It's just simple math that needs to be applied to the following hypothetical snowblower impeller:
Let's say a rotating steel impeller has a radius of 6". The circumference of the circle made by the outer edge of this rotating impeller = 2 X 6" X 3.14 = 37.68". At 4000 engine rpm, the impeller probably has a slower rpm, so let's say it's 500 rpm. The speed of the outer edge of the steel impeller is then calculated to be 37.68" X 500 rpm = 18,840 inches per minute.

If you add an impeller kit, the added piece of rubber (attached to the steel impeller) may stick out 0.5" beyond the outer edge of the steel impeller. The circumference of the circle made by the outer edge of the rotating rubber = 2 X 6.5" X 3.14 = 40.82". The speed of the outer edge of the rubber is then calculated to be 40.82" X 500 rpm = 20,410 inches per minute, which is 8% faster than the pre-impeller kit speed of the outer edge of the steel impeller. 

If the modified impeller (with kit installed) now travels at a faster outer edge speed than the pre-modified impeller, at the same 500 rpm, the snow should be blown farther. I've seen some people comment that the added weight of the impeller kit should slow down the impeller's (engine's) rpm, but the engine's governor senses the engine speed slowing down, and then opens the throttle a bit to bring in more fuel, and the rpm goes back to the set rpm, but the engine will burn a bit more fuel in the process. 
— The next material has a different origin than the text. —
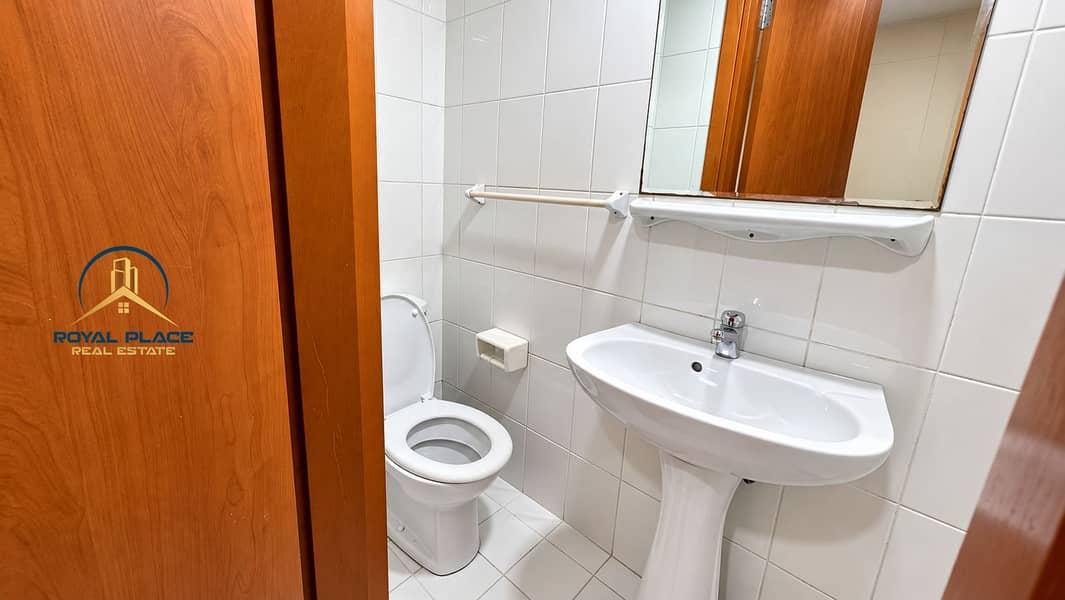 21 Clean White-Tiled Powder Room. png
By installing the impeller kit, the more you close the gap between the outer edge of the impeller and the impeller housing, the better the impeller kit should improve throwing distance.


----------



## bcjm (May 29, 2015)

I am not convinced that better throwing is due to the speed increase of the impeller tip. If you have something so small that always leave the impeller from the tip then yes. But you have a huge snow mass the is filled in the paddle area. They all leave the impeller at the same time. The speed of the mass can not be calculated based on the speed of the tip.


----------



## bcjm (May 29, 2015)

Also, the body of the impeller housing does not change. Everything is against the housing before going into the chute. They should have the same speed.

Imagine you have a tennis ball thrown by the paddle going into the chute. The ball is against the housing no matter how close the paddle is to the wall.


----------



## E350 (Apr 21, 2015)

Dudes, seriously, it is likely more like an air/water pump with the impeller/housing seal modification than it is without it.

Which would explain why a taller chute would throw farther.

Just like a longer barrel increases rather than reduces the velocity and thus the range of a bullet. (A bullet is also propelled by air.)

I guess the empirical way to test this theory would be to put an airplane telltale wind sock over the chute and run it dry, both before and after installation of the impeller/housing seal.


----------



## bcjm (May 29, 2015)

Air pump/water pump/gun barrel are all in a seal chamber. The chamber pressure and the time it can push the bullets determine the distance. The snow on the hand is open to the atmosphere, pressure does not (or very little) play a role here.


----------



## Blackfin (Jan 25, 2016)

I think both play a role but that the closure of the gap is the dominant factor.

The impeller is a centrifugal type: any snow that gets into the impeller is immediately moved toward the blade tips by centripetal acceleration and turbulent air flow. I don't think much snow exits the chute having been hurled from the inner portion of the impeller. Indeed, an impeller design like this:










shows that some manufacturers don't see much value in impeller blade material except at the edges. Extending the tips gives decent percent increase in tip-speed which can only help the throwing of snow.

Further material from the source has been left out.